When observing the farce that is the 2016 US Election campaign,  I couldn’t help but be reminded of CS Lewis’ remarks in Mere Christianity:

“I feel a strong desire to tell you-and I expect you feel a strong desire to tell me-which of these two errors is the worse. That is the Devil getting at us. He [the devil] always sends errors into the world in pairs—pairs of opposites. And he always encourages us to spend a lot of time thinking which is the worse. You see why, of course? He relies on your extra dislike of the one error to draw you gradually into the opposite one. But do not let us be fooled. We have to keep our eyes on the goal and go straight through between both errors. We have no other concern than that with either of them”.

As unsettling as it may be, the 2016 US Presidential Election will be contested between the two most reviled candidates in recent history. In the blue corner is a politician who has come to epitomise the untrustworthiness and cynical self-advancement that has incited record levels of public revulsion at modern politics. In the red corner, of course, is Donald Trump.

Recent surveys show that as many as 40% of Americans have a ‘highly unfavourable’ opinion of the Democrat candidate Hillary Clinton, a figure topped only by the Donald himself (who scores a mighty impressive 44%) since World War II. Whichever of the two is elected on November 8th this year, America will most likely inaugurate the most hated President in its history.

It’s not hard to identify the source of such discontent. Trump’s maniacal ramblings require no introduction. Making Mexico pay for the wall; insulting the family of a deceased veteran; making lewd and somewhat sinister comments about the attractiveness of his daughter. Countless more examples exist. It seems Trump can’t manage to go a news cycle without blurting out something deeply offensive, deeply stupid, or deeply unhinged. No wonder Republican Congressmen and Senators are falling over themselves to distance themselves from him.

His opponent should, without question, be targeting a landslide victory of the scale that Reagan achieved in the 1984 and 1988 elections. Yet such an outcome this year seems highly unlikely. To put it simply, Americans don’t trust Hillary Clinton. Many believe she belongs in prison. Almost half of surveyed Americans believe that she willfully misled the families of the four Americans who died in the Benghazi massacre as to the precise facts whilst she was Secretary of State. She is increasingly viewed as personifying the kind of heartless and self-centered politics that has left Americans feeling worse off.

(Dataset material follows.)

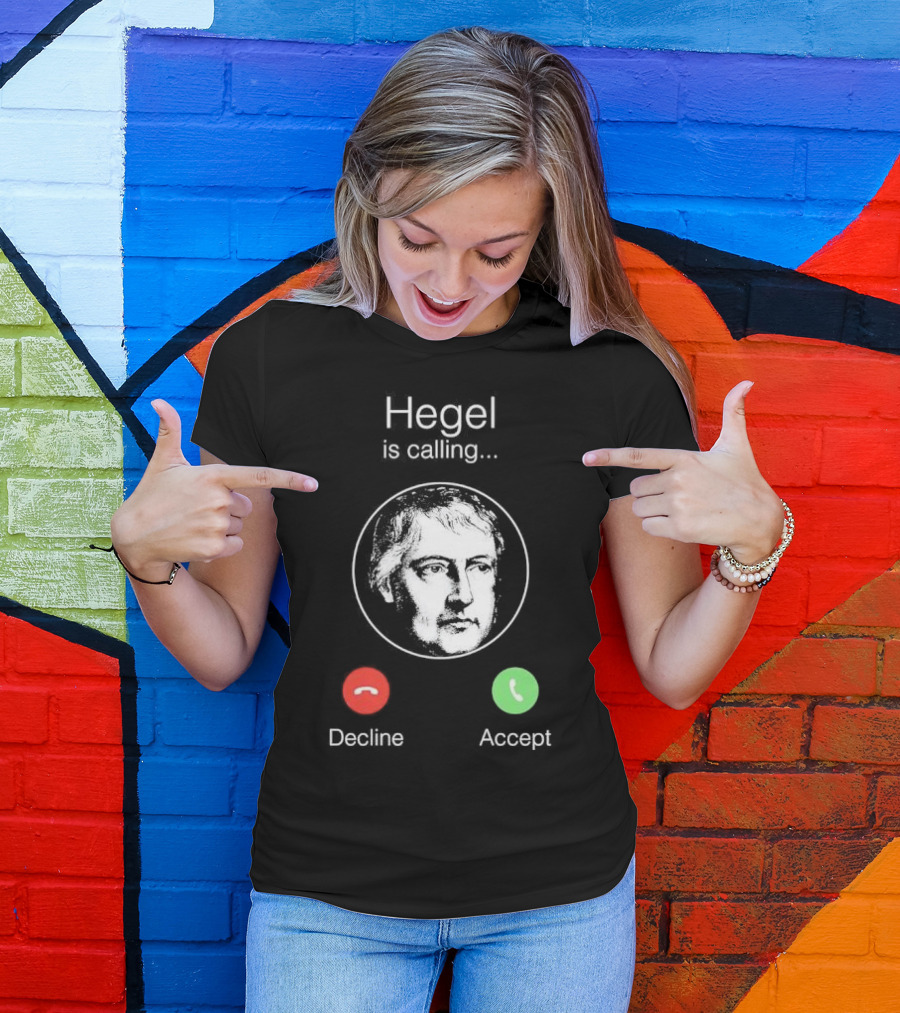 Hegel Is Calling Decline Accept T-Shirt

Selecting the least-worst option has become something of a theme of recent US elections (2008 being an exception before the rhetorical hysteria over Obama evaporated during his first term), and this should be a cause for considerable concern. Are these two characters really the best candidates a country of 330 million people can put forward for the most powerful job in the world?

Thankfully, there may be such a way between the two Clinton and Trump shaped errors. Loitering on the verge of the election hysteria that has engulfed the nation, Libertarian Gary Johnson has been quietly and calmly setting out an alternate vision for America, and has been gradually climbing in the polls as a result. Johnson needs to score 15% from the five certified polling agencies in order for the US Electoral Commission to allow him take part in the Presidential Debates, the first of which will air on 26th September. Currently he’s polling in the region of 8% and 12%. In April he was at less than 2%. Last week he secured the endorsement of the Richmond-Times Dispatch, Virginia’s staunchly Republican second most popular newspaper.

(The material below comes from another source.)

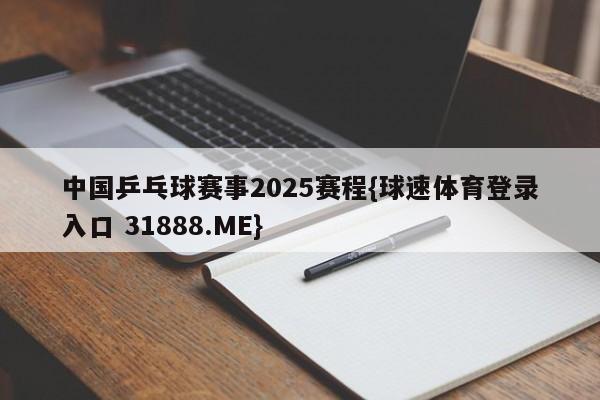 中国乒乓球赛事2025赛程{球速体育登录入口 31888.ME}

Johnson served as the Republican Governor of the traditionally Democrat state of New Mexico from 1995 till 2003, and scored the highest approval ratings of any Governor in office during this period (from both Republican and Democrat voters). He prides himself on a fiscally conservative and socially liberal platform. He wants to abolish the federal income tax, and he proposes the legalisation of marijuana and the creation of a path to citizenship for ‘undocumented workers’ (Johnson’s preferred term for illegal immigrants).

Indeed, his policies on almost all issues can be summarised by the following quote from his campaign website: ‘Governor Johnson’s approach to governing is based on a belief that individuals should be allowed to make their own choices in their personal lives’. This is reflected in his pro-choice policy on abortion, intention to abolish the death penalty, and belief in stronger Internet privacy protections from government. In international affairs, he describes his approach as ‘non-interventionist’.

In interviews he comes across as calm, considered and, astonishingly for a politician in the modern age, a genuinely honest and reasonable man. This makes a welcome change from the painful condescension Clinton aims at everybody bar the Wall Street banks, or the self-aggrandising megalomania that pervades any utterance ejaculated seemingly at random by the Donald. A couple of weeks ago Johnson was pictured playing chess on his campaign bus with his vice-Presidential candidate Bill Weld, a sign of a reassuring intellect and composure that seems totally absent from the candidates of the two main parties.

The Electoral Commission will determine in the next couple of weeks whether Johnson will be allowed into the debates. In fact, the polls that will determine his participation or lack thereof are most likely already in the field. It must be conceded that his hopes of crossing the 15% threshold are disappointingly slim. Even if he does manage to scrape into the debates of course, his hopes of actually winning on November 8th are almost miniscule.

Yet this writer for one will be rooting for him. Wouldn’t it be refreshing on 26th September to see up on that debate stage, along with the two candidates America has grown to so detest, a reasonable individual proposing a program of government in which he actually believes and is ideologically invested?

Johnson may not be a perfect candidate, but his commitment to individual liberty and thoroughly personable nature leave him head and shoulders above the gruesome twosome. Clinton and Trump, like the Devil’s errors in Lewis’ analogy, should be avoided at all costs. Here’s to hoping for a third pulpit on that stage later this month.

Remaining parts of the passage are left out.